— What is required —
Write the records out again exactly as they read, dropping any picture they hold.

/---

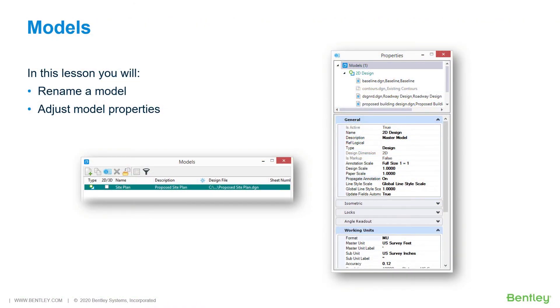Models. A design file is composed of one or more design, drawing, or sheet models.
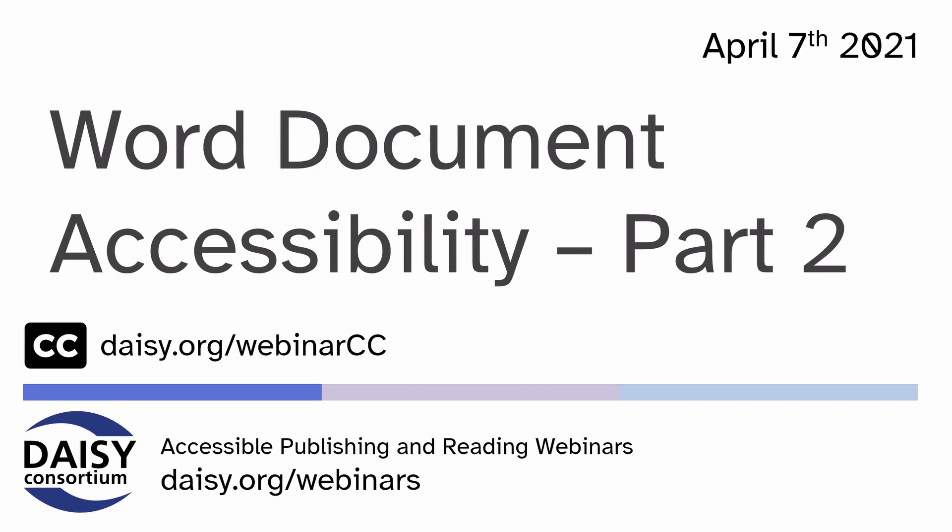Hello everyone, a very warm welcome to you. My name is Erin Williams, and I'm your host for today's webinar, Word Document Accessibility, Part 2.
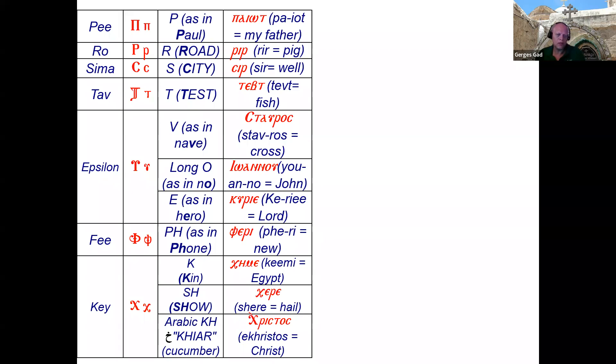Examples of the epsilon rule: 'Stavros' — epsilon after an A becomes a V, so 'Stavros.' 'Uannu' — epsilon after an O gives two O sounds. 'Kyrie' — all other situations give an E sound. The teacher repeats the rule: after A or E it's V, after O it's O, anything else it's E — emphasizing this because it appears in many many Coptic words.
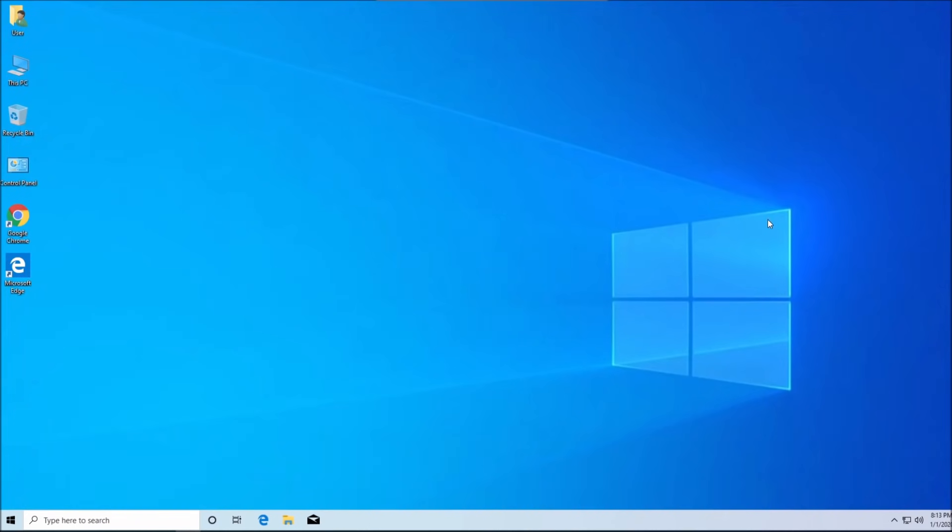All right guys, so I just showed you how to set up Windows 10 from scratch. Please comment, subscribe, like this video and see you again next time.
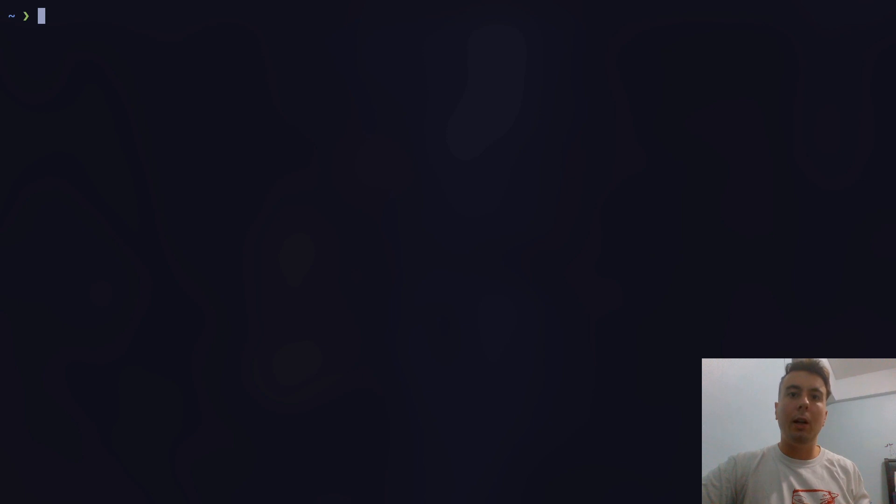All right, today we're going to learn how to find out how much free space there is on your Linux system as well as see which files and folders are specifically taking up the most space.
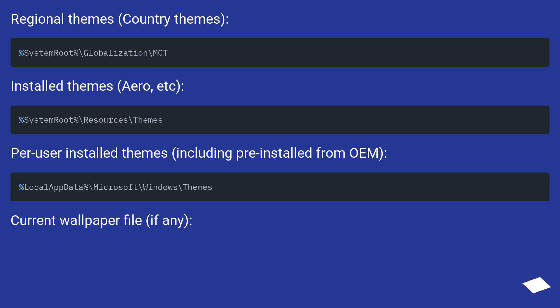Per-user installed themes, including pre-installed from OEM, and current wallpaper file if any.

\---

— Expected output —
Models. A design file is composed of one or more design, drawing, or sheet models.
Hello everyone, a very warm welcome to you. My name is Erin Williams, and I'm your host for today's webinar, Word Document Accessibility, Part 2.
Examples of the epsilon rule: 'Stavros' — epsilon after an A becomes a V, so 'Stavros.' 'Uannu' — epsilon after an O gives two O sounds. 'Kyrie' — all other situations give an E sound. The teacher repeats the rule: after A or E it's V, after O it's O, anything else it's E — emphasizing this because it appears in many many Coptic words.
All right guys, so I just showed you how to set up Windows 10 from scratch. Please comment, subscribe, like this video and see you again next time.
All right, today we're going to learn how to find out how much free space there is on your Linux system as well as see which files and folders are specifically taking up the most space.
Per-user installed themes, including pre-installed from OEM, and current wallpaper file if any.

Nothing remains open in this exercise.